Thursday, September 19, 2013

Consider Phlebas by Iain M. Banks (3.5 stars)

Banks creates a universe for epic-scope space opera, which is great, but this novel is actually fairly weak.

The protagonist Horza, a shapeshifter, stumbles from one seemingly random experience to another: a laser fight in a temple, an ill-fated looting mission on a soon-to-be-destroyed orbital, an escape from a fat cannibal who is slowly eating his religious followers to death, among many others. Don't get me wrong, there were great feats of imagination here, but the almost complete lack of any thread tying it all together meant I just didn't really care about any of the characters, especially true during the obviously pointless and stupid temple mission.

Horza has sided with the Idirans, who we know are barbaric and brutal, but we never see any evidence or rationale for why Horza is so anti-Culture, or get an explanation for his violent hate of their society. This ambiguity and weakness in Horza's character might be deliberate, but it didn't help me empathize with him at all. Perosteck Balveda, the Culture agent, is obviously using Horza to get access to the planet, but I couldn't tell in some places if Banks was portraying Horza as unbelievably naive to not realise this, or trying to assure himself (Horza) that he still had the upper hand and was in control of the situation:
As for Perosteck Balveda, she was his prisoner; it was as simple as that.
Fal 'Ngeestra, mountaineer and Culture Referrer (basically a highly evolved soothsayer), seemed interesting to start with, but I soon grew bored of her semi-mystical, too-much-peyote passages:
We are vapor, raised against our own devices, made nebulous, blown on whatever wind arises. To start again, glacial or not.
Having slogged through this crap, it was all the more annoying to have her storyline just die.

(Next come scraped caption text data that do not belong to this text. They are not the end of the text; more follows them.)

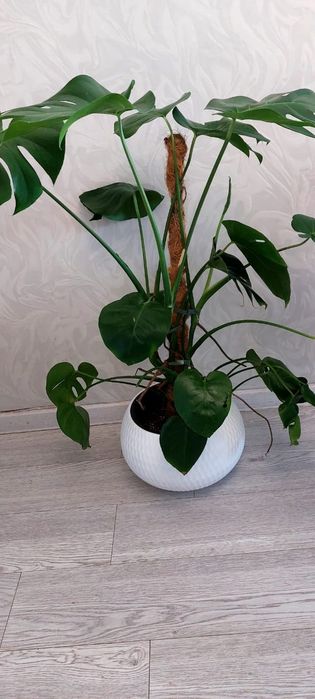 Продам цветы комнатные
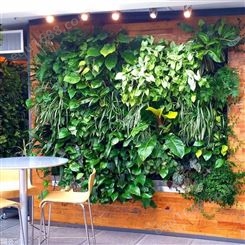 西安绿植墙 商场仿真植物墙 人造混合草坪 垂直绿化批发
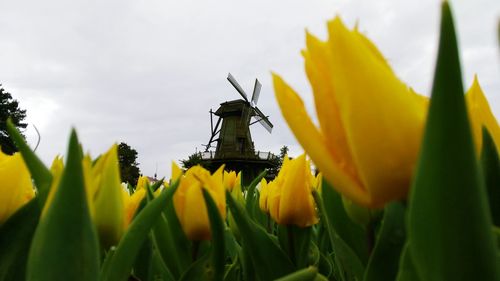 View of flowers against the sky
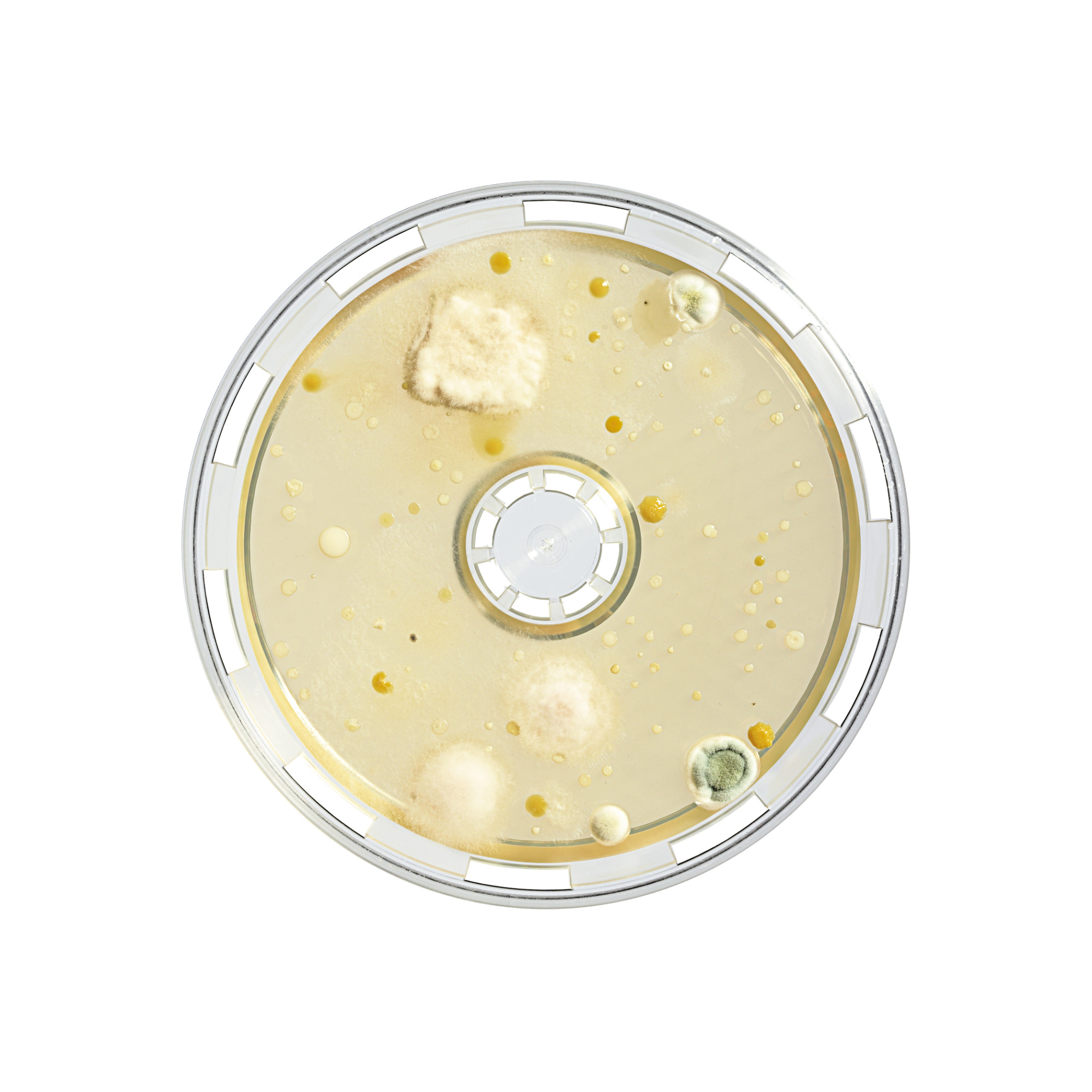 BACTair™ mikrobiološke podloge za ispitivanje kvalitete zraka - Sartorius Croatia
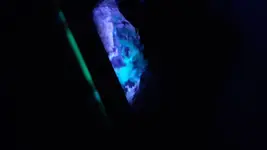 20200703_082113.webp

Banks manages a few very well-placed digs at religion. Horza gets pissed off that someone with religion interprets the impressive engineering achievement of a Culture-built orbital as a triumphant testimony to the power of God:
...genuinely annoyed that the woman could use even something so obviously a testament to the power of intelligence and hard work as an argument for her own system of irrational belief.
The action sequence of Horza blasting his way out of a giant GSV while swearing at an annoying drone couldn't have been more like Han Solo, the Millenium Falcon, and C-3PO, so much so that it felt formulaic to me. Maybe I've just seen too much Star Wars.

Speaking of movie plots, there is a jarring passage about three-quarters through the book that seems to imply this is all a training simulation - Matrix red-pill style. Perhaps this will become clear in later novels:
"Just a moment," Xoralundra said. He looked at something in his hand which threw colored lights across his broad gleaming face. Then he slapped his other hand to his mouth an expression of astonished surprise on his face as he turned to him and siad, "Oh, Sorry!" and suddenly reached over and shoved him back into the..
While the final sequence underground was entertaining, it was fairly mindless action-novel stuff, with a poor ending. Banks is obviously talented, and has a great imagination, this just isn't his best book. I've already started reading The Player of Games set in the same universe and it is far far superior.

3.5 stars.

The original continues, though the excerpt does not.